I just smile and pretend, anticipating the next chance I'll get to feel numb. Unfortunately, the only way to get where I want to be are through alcohol or sex.
Preferably a combination.
Nothing completely does it.
The moments that I'm alone with Briggs really help though. I don't think about anything when I'm with him. And we don't have sex. And I'm not usually drinking when we're around each other. He's easy. Ever since that night at Jess's... it's been different for us, we've become friends. But there's some times, when I look at him, and he looks back to me, I can see something. This small hint of something there, that he's feeling but can't say. It's those silent moments we share that we end up saying the most. For me, it's torture... but I continue on, because that's how he wants it.

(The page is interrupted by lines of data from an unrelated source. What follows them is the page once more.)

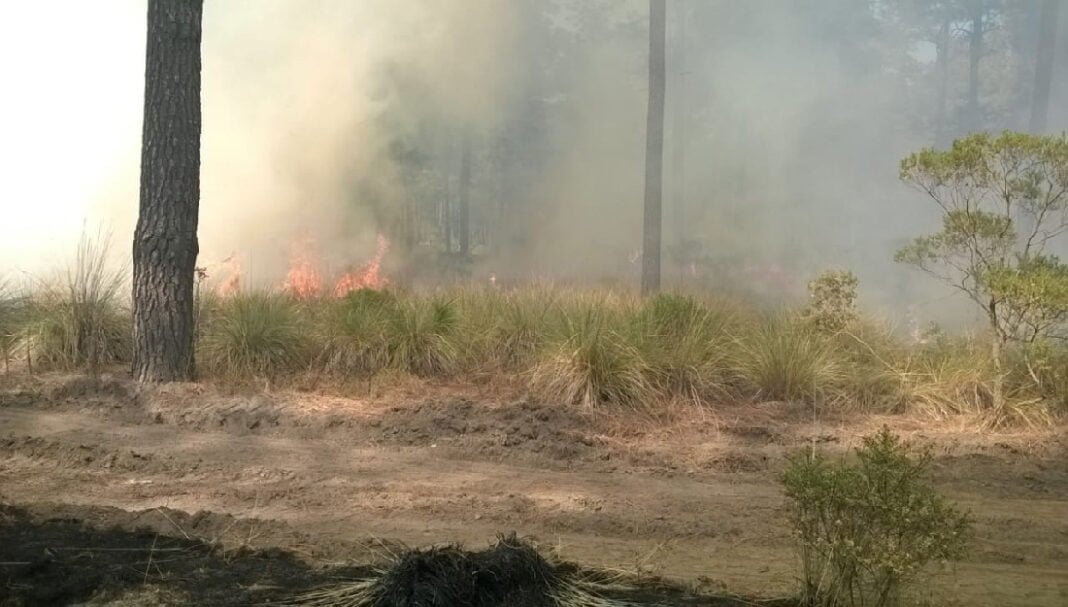 Aumentan los incendios en Puebla: 150 registrados en este año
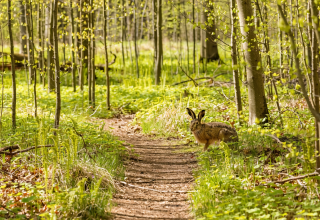 &raquo;Natur entdecken. Ostern erleben.&laquo; // &copy; Generiert mit Adobe Firefly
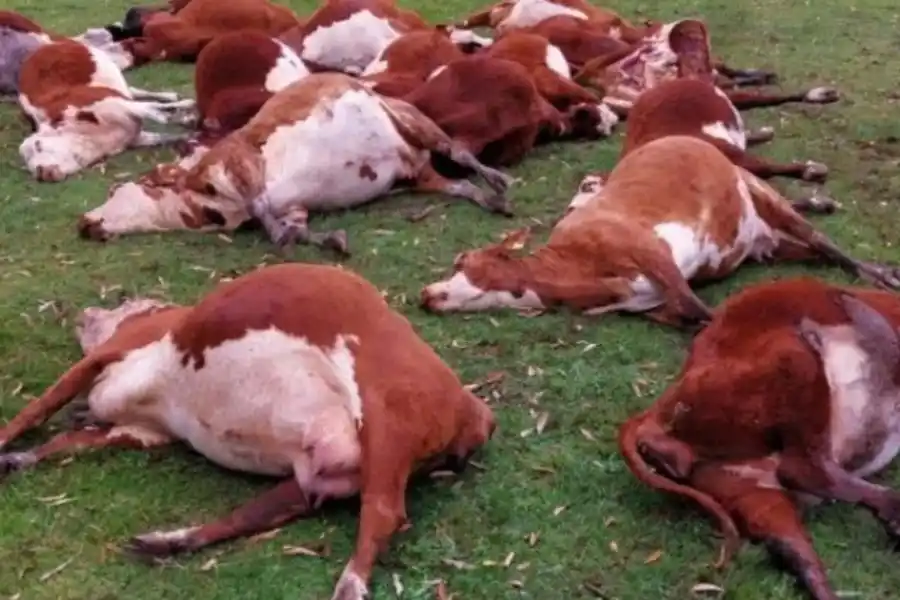 Millonarias pérdidas: fallecieron una 240 vaquillonas por una presunta intoxicación con nitratos en Corrientes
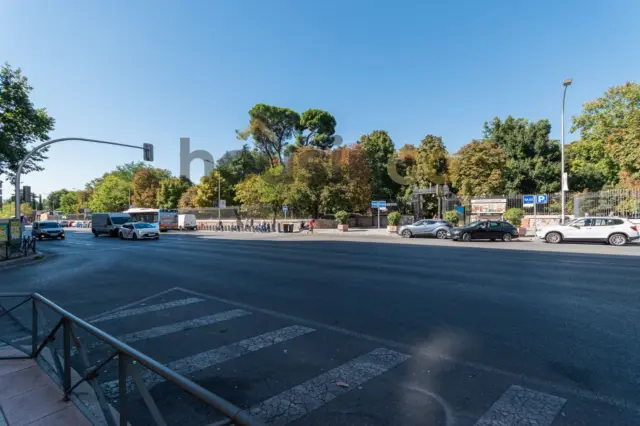 Apartment in Retiro photo 2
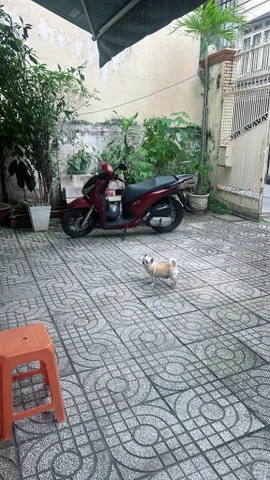 NHÀ HẺM XE HƠI BÀNH VĂN TRÂN - LÝ THƯỜNG KIỆT - ÂU CƠ – NGANG 8.8M HIẾM – 2 TẦNG – 207M² – CHỈ 22 TỶ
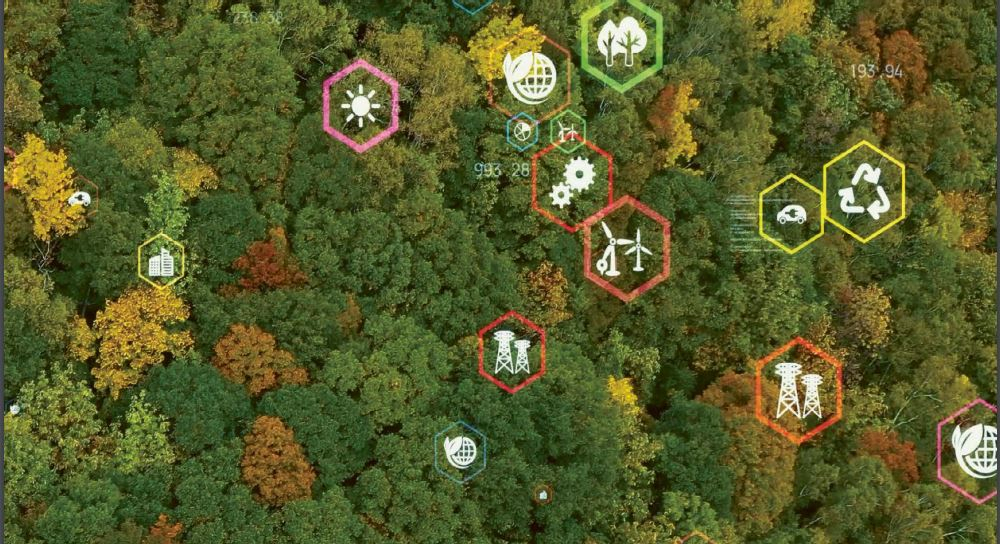 Forest Overhead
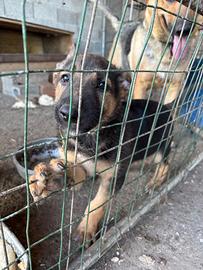 Cuccioli pastore tedesco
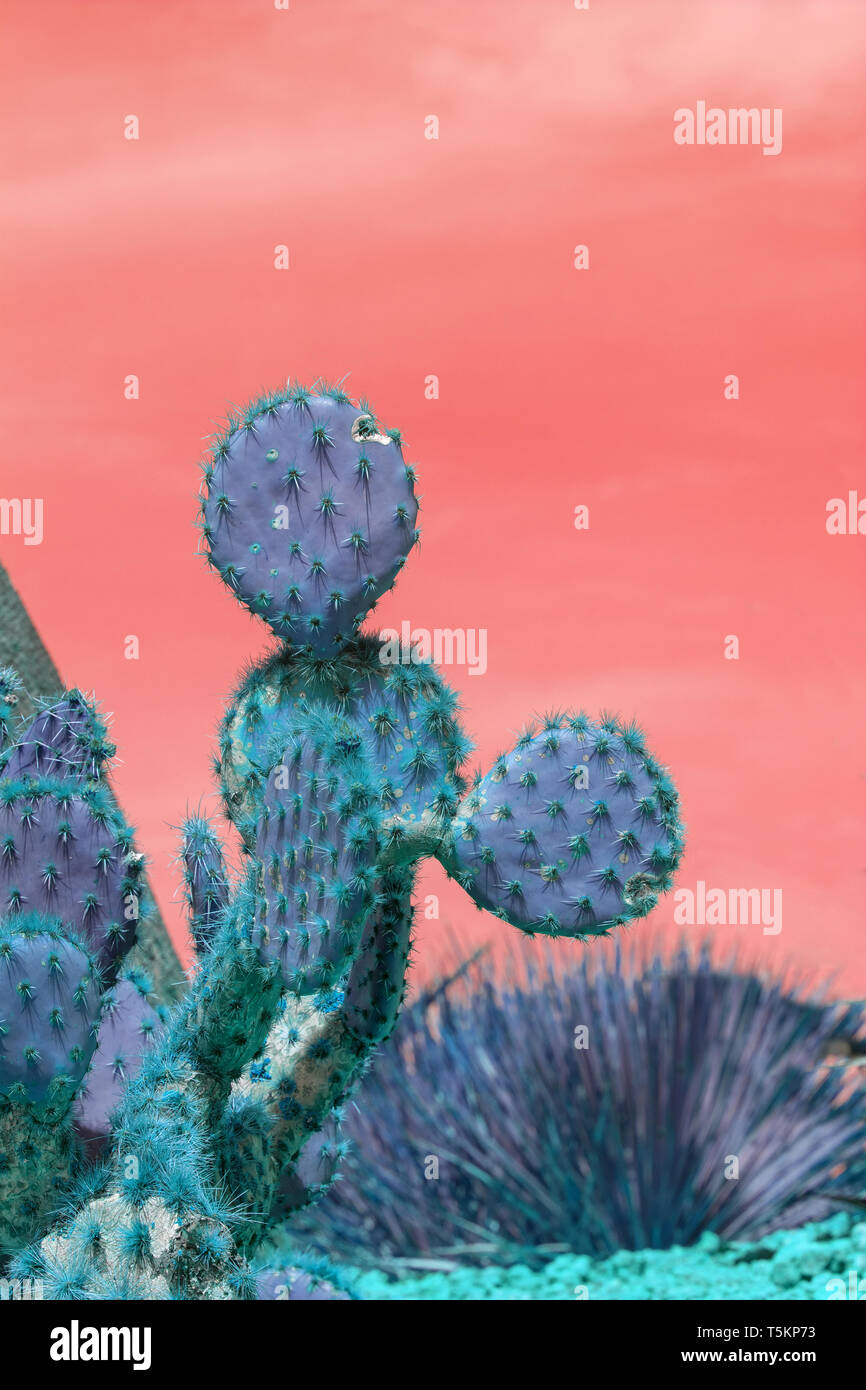 Surrealistic abstract blue thorny cactus with spikes and little fruits against pink orange sky Stock Photo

I see Jake on occasion, he's always busy though so when I do see him, he's there one minute and gone the next. He still excites me. I'm not only attracted to him physically, but I like how he isn't clingy and though he did pull the girlfriend card on me, he doesn't crowd me.
He sends charming texts and calls me with a breathy voice when he's craving a replay of our first night. My stomach flips when I picture his pretty eyes.
Alice pulls into the full parking lot and we hop out, heading for the door. I follow closely behind them and when Alice opens the door, I see a familiar mess of apple butter hair that's skittered through my mind several times since the last time I saw him.
Edward's coming out as we enter and he holds the door for me to go on in. I tell Alice and Angela that I'll be along in a minute and I look up to him and ask, "Can I talk to you for a second?"
He gestures to the parking lot and says, "After you."